In a few countries such as Saudi Arabia, where the strictest interpretations of sharia law are applied, thieves can be punished by having their arms cut off. A senior official from the Indonesian Ulema Council (MUI), the country’s highest clerical body, recently said that he and his organization were planning to propose that the country adhere more closely to sharia law with punishments such as amputations for thieves and corruptors, but other MUI officials have denied his statement.
MUI deputy secretary general Tengku Zulkarnain made the controversial statement while speaking at a Jakarta mosque’s event on Monday night.
“I, with my colleagues, have discussed that we will propose that thieves and corruptors who have been proven guilty, with both evidence and witnesses, need not be imprisoned but only have their hands cut off. This proposal will be submitted after the 2019 election,” Tengku said during his speech as quoted by Islampos.

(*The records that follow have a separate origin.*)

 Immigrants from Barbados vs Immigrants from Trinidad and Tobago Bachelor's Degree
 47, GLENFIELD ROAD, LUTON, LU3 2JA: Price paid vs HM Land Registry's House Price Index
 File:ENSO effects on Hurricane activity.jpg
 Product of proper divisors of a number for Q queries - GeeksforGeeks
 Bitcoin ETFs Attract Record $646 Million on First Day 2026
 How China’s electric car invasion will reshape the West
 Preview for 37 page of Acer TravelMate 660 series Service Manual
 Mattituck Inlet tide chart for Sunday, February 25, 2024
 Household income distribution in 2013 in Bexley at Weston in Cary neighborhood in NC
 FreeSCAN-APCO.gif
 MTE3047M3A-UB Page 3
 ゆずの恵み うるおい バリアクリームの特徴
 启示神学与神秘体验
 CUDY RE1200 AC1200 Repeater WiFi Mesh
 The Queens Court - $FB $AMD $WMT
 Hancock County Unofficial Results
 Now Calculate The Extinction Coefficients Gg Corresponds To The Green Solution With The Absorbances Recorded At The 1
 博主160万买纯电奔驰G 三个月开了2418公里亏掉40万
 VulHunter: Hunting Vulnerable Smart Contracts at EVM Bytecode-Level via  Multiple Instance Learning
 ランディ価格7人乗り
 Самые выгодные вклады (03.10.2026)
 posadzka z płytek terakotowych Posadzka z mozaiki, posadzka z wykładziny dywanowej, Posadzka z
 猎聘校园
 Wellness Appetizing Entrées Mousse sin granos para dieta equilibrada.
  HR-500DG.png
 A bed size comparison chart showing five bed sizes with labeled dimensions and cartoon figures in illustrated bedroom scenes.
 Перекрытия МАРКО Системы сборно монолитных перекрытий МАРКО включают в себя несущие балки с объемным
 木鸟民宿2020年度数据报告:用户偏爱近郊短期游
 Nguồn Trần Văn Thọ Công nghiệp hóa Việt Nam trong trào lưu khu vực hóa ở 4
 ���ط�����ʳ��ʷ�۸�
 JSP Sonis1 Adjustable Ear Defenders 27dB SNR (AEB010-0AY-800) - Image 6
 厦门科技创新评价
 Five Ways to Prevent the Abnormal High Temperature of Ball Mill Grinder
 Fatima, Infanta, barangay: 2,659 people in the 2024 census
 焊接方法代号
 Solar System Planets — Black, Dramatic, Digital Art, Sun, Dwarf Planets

Masduki Baidlow, the head of communications for MUI, insisted yesterday that MUI had never proposed cutting off hands as a punishment in terms of enacting actual law, and claimed that Zulkarnain had never even discussed the proposal internally.
“We at MUI are shocked by the statement he made,” Masduki said yesterday as quoted by Tempo.
Cholil Nafis, the chairman of the Da’wah commission of MUI, also said that such a proposal had not been made but admitted that it had been discussed among senior officials, including vice presidential nominee and MUI chairman Ma’ruf Amin.
“We coordinate in regard to activities inside MUI because Kiai Ma’ruf is still the active general chairman. We also discussed (about the amputation punishment) and it will be discussed further with MUI,” Cholil said after meeting Ma’ruf yesterday as quoted by CNN Indonesia.
Islamic hardliners have advocated that Indonesia implement harsher sharia-based laws as a deterrent against crime. Some have specifically called for corruption convicts to be treated as thieves and have their hands cut off, calls that came after Irwandi Yusuf, the former governor of Aceh (the only province of Indonesia with special autonomy to enact explicitly sharia-based laws) was arrested by the Corruption Eradication Commission (KPK) in July for alleged graft involving the region’s budget.